Regional / Mittwoch, 6.Mai.2015

Köln: Asylbewerber statt Kita!

Nun ist es amtlich: 150 Asylbewerber kommen in die Pastor-Wolff-Straße / Im Grund im Stadtteil Niehl. Bei der zuständigen Bezirksvertretungssitzung und Abstimmung im Dezember war noch von maximal 80 Asylanten die Rede. Jetzt hat sich die Zahl schon verdoppelt. PRO NRW hat die Salami-Taktik der linksgrün geführten Stadtverwaltung mehrmals thematisiert und die vorgelegten Pläne abgelehnt. Bereits im Dezember hat PRO NRW vorausgesagt, dass es mindestens 150 Personen werden. Kassandra lässt grüßen. Die versprochene Kita für die Niehler kann dagegen weiter warten.

PRO NRW spricht Klartext! Es handelt sich überwiegend um Sozialtouristen, die da einquartiert werden. Nicht um Flüchtlinge. Im Asylhotel “Stadt Viersen” in Nippes kommen gerade 17 % der Bewohner aus Syrien bzw. Irak.

70 % der Antragsteller reisen nach Deutschland in erster Linie in die sozialen Netze über den Sesam-öffne-dich „Asyl“ ein. Das Fluchtauto stellen Schlepperbanden zur Verfügung, gegen die unser Staat nicht viel unternimmt. Das Schengen-Abkommen sieht auch kurzzeitige Grenzkontrollen vor.

50 % aller Sozialtouristen in Köln stammen aus Südosteuropa. Dort herrscht weder Krieg noch politische Verfolgung.

70 % aller Asylbewerber sind zwischen 18-35 Jahre alt, männlich, stehen im vollen Saft und besitzen Smartphone / Handy. Nach einem Beschluss der Altparteien im Sozialausschuss soll die Verwaltung auch noch kostenloses Wlan und Hotspots in den Heimen prüfen.

Viele Schwarzafrikaner kommen nur nach Europa, um in die sozialen Netze einzuwandern. Wird die Pastor-Wolff Straße bald in Baltimore-Straße umbenannt?

Von einer besonderen Sorgfaltspflicht und Willkommenskultur von Seiten der Stadt zu schwafeln, ist im übertragenem satirischen Sinne etwa so, als ob man die Einheimischen in den Topf eines Kannibalen setzt und von ihm verlangt, er solle mitteilen, ob das Wasser heiß genug sei, um dann selbst ausreichend Brennholz nachzulegen.

Plakate_NRW_final

Der Zeit mal wieder voraus: PRO-NRW-Plakat aus dem Kommunalwahlkampf 2014!

Aber schauen wir mal umgekehrt die Fürsorgepflicht der Stadt gegenüber den Ureinwohnern und den sozial Schwachen dieser Stadt an.
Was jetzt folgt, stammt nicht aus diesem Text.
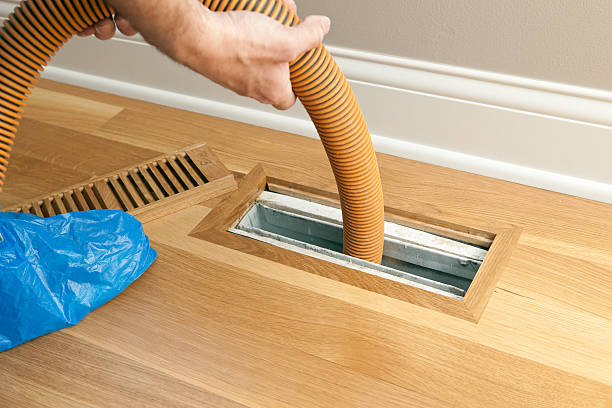 Best Air Duct Cleaning Near Me  in Somerville, MA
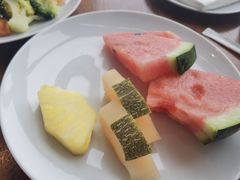 -上海柏悦酒店·世纪100牛排馆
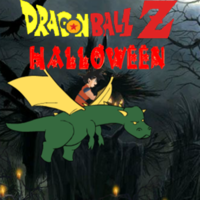Dragon Ball Z: Halloween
Die Stadtverwaltung verschickt Briefe, in denen Hartz IV-Empfänger angemahnt werden, Heizkosten zu sparen. Sie sollen Wollpullover im Winter tragen und nur kurz lüften usw. deutschen Hartz IV-Empfängern müssen trotz eines Wohnberechtigungsscheines manchmal Monate auf eine Unterkunft warten. Und wenn sie dann gnädigerweise etwas bekommen, handelt es sich auch schon mal um regelrechte Bruchbuden, wo es z.B. statt eines Badezimmers eine “Kaltnasszelle” gibt – also eine Ecke im Raum, wo kaltes Wasser aus dem Hahn fließt.

Welchen Aufschrei über “menschenunwürdige Unterbringung” gäbe es in dieser Stadt, wenn man Asylbewerbern derartiges zumuten würde?

In manchem Asylheim brennt dagegen die ganze Nacht über in den Fluren und Treppenhäusern das Licht. Da kommt keiner auf die Idee, mal den Schalter zu betätigen.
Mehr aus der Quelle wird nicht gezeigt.